Classroom lesson · The Northern Lights · 🇳🇴 Norway

The Northern Lights

Curtains of green, pink and purple light that dance across the winter sky

Green and pink aurora borealis swirling above a snowy Norwegian landscape

Photo · Wikimedia Commons

What is it?

The Northern Lights - or aurora borealis - are huge ribbons of glowing colour that ripple across the night sky in the Arctic. They are caused by tiny particles from the sun crashing into the air high above the Earth. Northern Norway is one of the best places in the world to see them.

Tell me more

Our sun is always sending out a stream of tiny particles into space. Scientists call this the 'solar wind'. Most of the time, the Earth's invisible magnetic field protects us from it - the particles whoosh past us into outer space.
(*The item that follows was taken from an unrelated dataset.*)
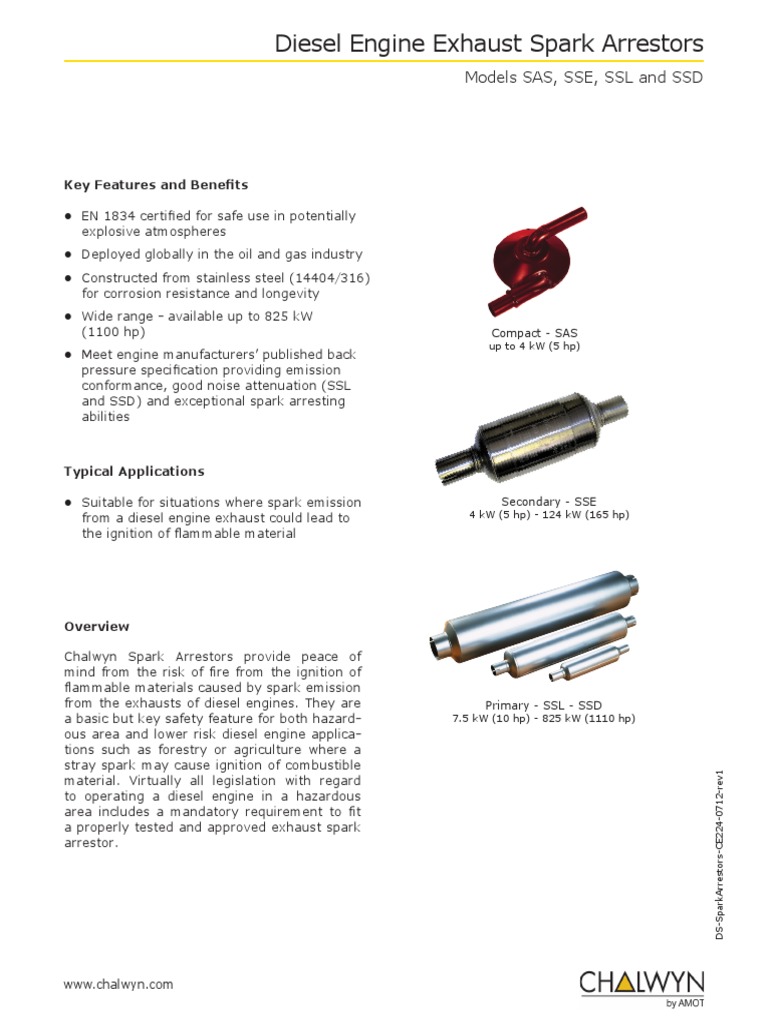 Diesel Engine Exhaust Spark Arrestors Key Features and Benefits PDF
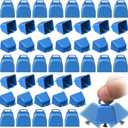 Gisafai 50 Pcs Mini Cow Bells for Crafts Christmas Metal Cowbells with Hooks Small Hanging Jingle Bells Decoration for Birthday Party Wedding DIY Craft Decoration(Blue)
But near the North and South Poles, the magnetic field dips down and lets some of those particles in. As they smash into the air, they make the gas glow - a bit like a giant neon sign in the sky. Different gases glow different colours. Oxygen makes green and red. Nitrogen makes pink and purple.

The aurora doesn't just sit there - it moves. Curtains of light ripple, swirl and shimmer across the sky. Sometimes they fade in seconds, sometimes they dance for hours. People stand outside in the freezing cold just to watch.

Long before scientists understood the aurora, Sami people in northern Norway told their children to stay quiet and respectful when it appeared. Some stories said the lights were the spirits of friends and ancestors, dancing in the sky. Different cultures around the Arctic told different stories about what the lights might be.

In the classroom

Walk your class through this in 15 minutes.

Talk together

Discussion prompts

  1. 01How does it feel to know that a colour in the sky can come from particles travelling 150 million km from the sun?
  2. 02Different cultures told different stories about the aurora. Why do people make up stories about things they don't yet understand?
  3. 03If you could pick a colour for the aurora to glow tonight, what would you choose, and why?
Try this

Classroom activity

In a darkened classroom, give pupils torches with green and pink coloured film over the lens. Project the beams onto the ceiling and slowly wave them. That's roughly what an aurora looks like. Then draw what you saw - and add your own story about what the lights might be.